On the distribution side, utilities have historically tried to right-size the grid, to build to exactly the size they've needed, Calabro adds. “We are trying to encourage them to focus on almost overbuilding and to come up with a tight set of standards.”
The future is uncertain, but it will almost certainly include even higher penetration of distributed energy resources such as rooftop solar panels and energy storage devices, as well as a rising number of electric vehicles and EV charging stations that will put new strains on the grid.

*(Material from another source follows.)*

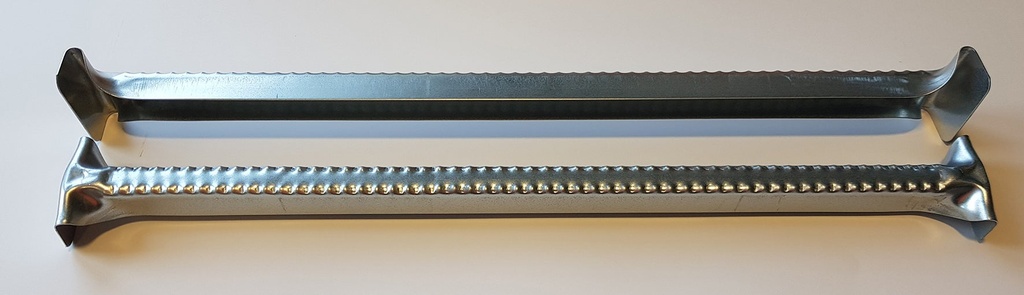 Hängare skrymmelåda K680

In the context of grid modernization, a piecemeal approach does not make sense, Nichols says. “Synergies can be lost, and organizations become inefficient.”
What looked like overbuilding in the past is right sizing today and, he says, doing it now is likely the most cost-efficient approach.
Entergy, with utilities in Louisiana, Arkansas, Mississippi and Texas, also approaches grid modernization holistically. Its efforts date back to 2015, shortly after the utility had passed its 100th anniversary. “We were thinking about what it would mean to be the utility of the future,” says Erica Zimmerer, director of grid modernization at Entergy.
It became clear that a traditional, segmented approach would not work. The new capabilities the utility was looking at were interdependent. Installing advanced meters required upgrading its communications network, which didn’t make sense without upgrading poles. And none of it would make sense without first making changes to about two-thirds of Entergy’s construction standards. For instance, the company changed the strength and height of its poles. The change in installation costs are slight, but the poles are stronger and require less material. The company also consolidated the size of its conductors, making procurement simpler and simplifying inventories and logistics for workers in the field.
“The investments began to complement one another,” Zimmerer says. Entergy expects to complete its $900-million investment in advanced meter communications work by the end of 2021 and its $400 million worth of distribution automation work in 2024. Rather than replace existing designs, “we are designing for the next 100 years,” says Zimmerer.